[Scraped caption text data]
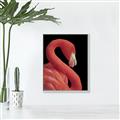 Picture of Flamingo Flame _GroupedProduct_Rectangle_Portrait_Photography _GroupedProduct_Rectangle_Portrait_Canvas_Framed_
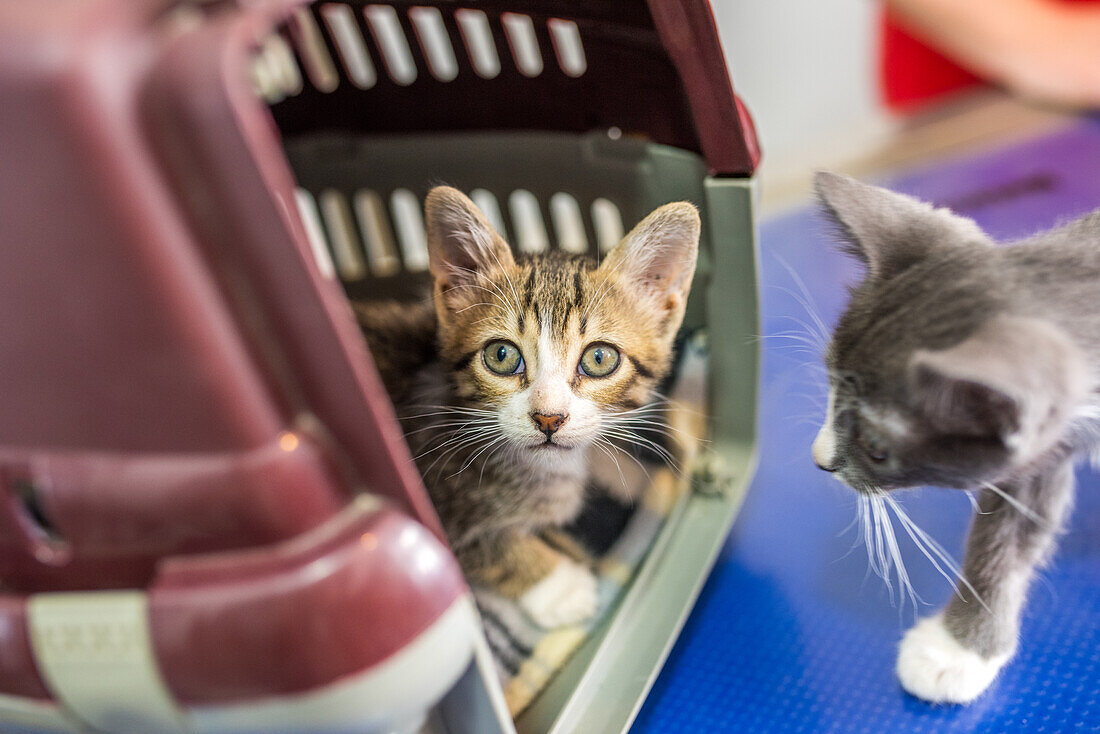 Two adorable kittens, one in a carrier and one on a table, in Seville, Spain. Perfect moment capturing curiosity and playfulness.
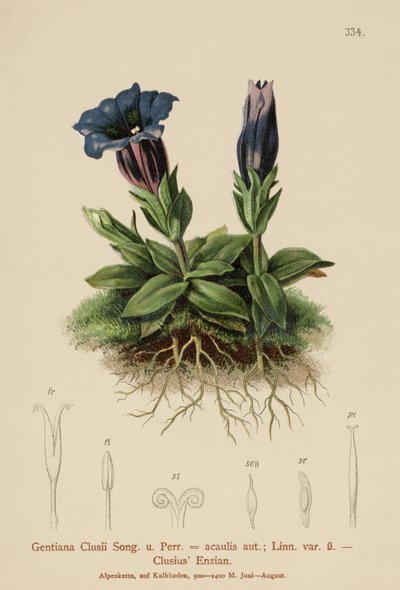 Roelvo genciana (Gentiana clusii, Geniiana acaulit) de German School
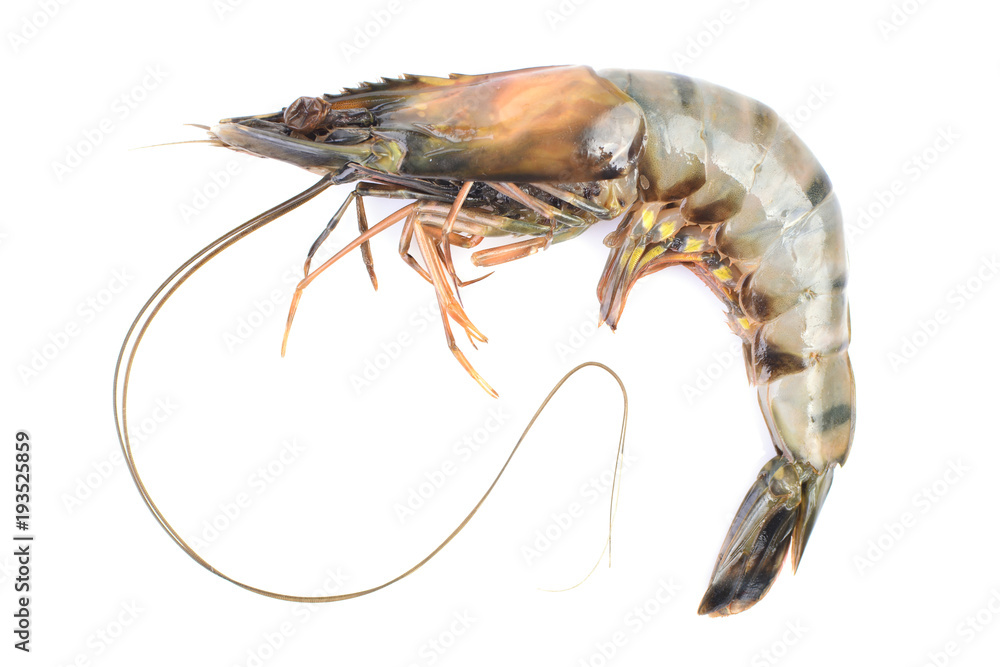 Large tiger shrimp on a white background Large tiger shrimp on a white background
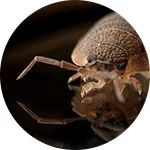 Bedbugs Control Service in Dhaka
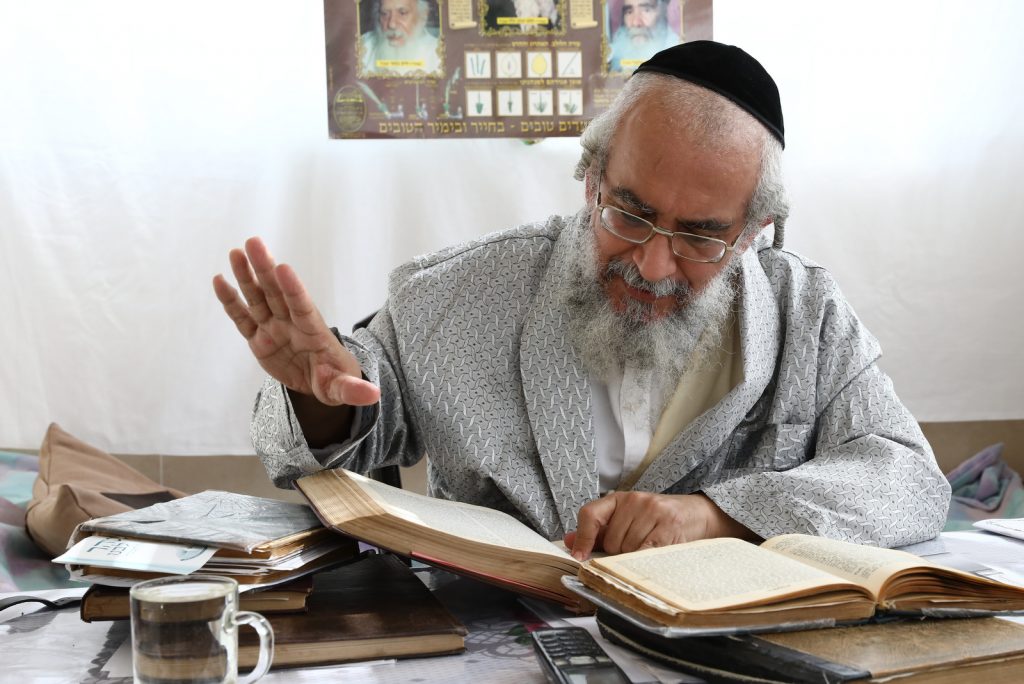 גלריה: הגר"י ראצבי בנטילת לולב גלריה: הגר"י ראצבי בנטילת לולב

# [EXERCISE GOAL]
Although the records above include pictures, the copy must contain only their exact text.

# [RESPONSE]
 Picture of Flamingo Flame _GroupedProduct_Rectangle_Portrait_Photography _GroupedProduct_Rectangle_Portrait_Canvas_Framed_
 Two adorable kittens, one in a carrier and one on a table, in Seville, Spain. Perfect moment capturing curiosity and playfulness.
 Roelvo genciana (Gentiana clusii, Geniiana acaulit) de German School
 Large tiger shrimp on a white background Large tiger shrimp on a white background
 Bedbugs Control Service in Dhaka
 גלריה: הגר"י ראצבי בנטילת לולב גלריה: הגר"י ראצבי בנטילת לולב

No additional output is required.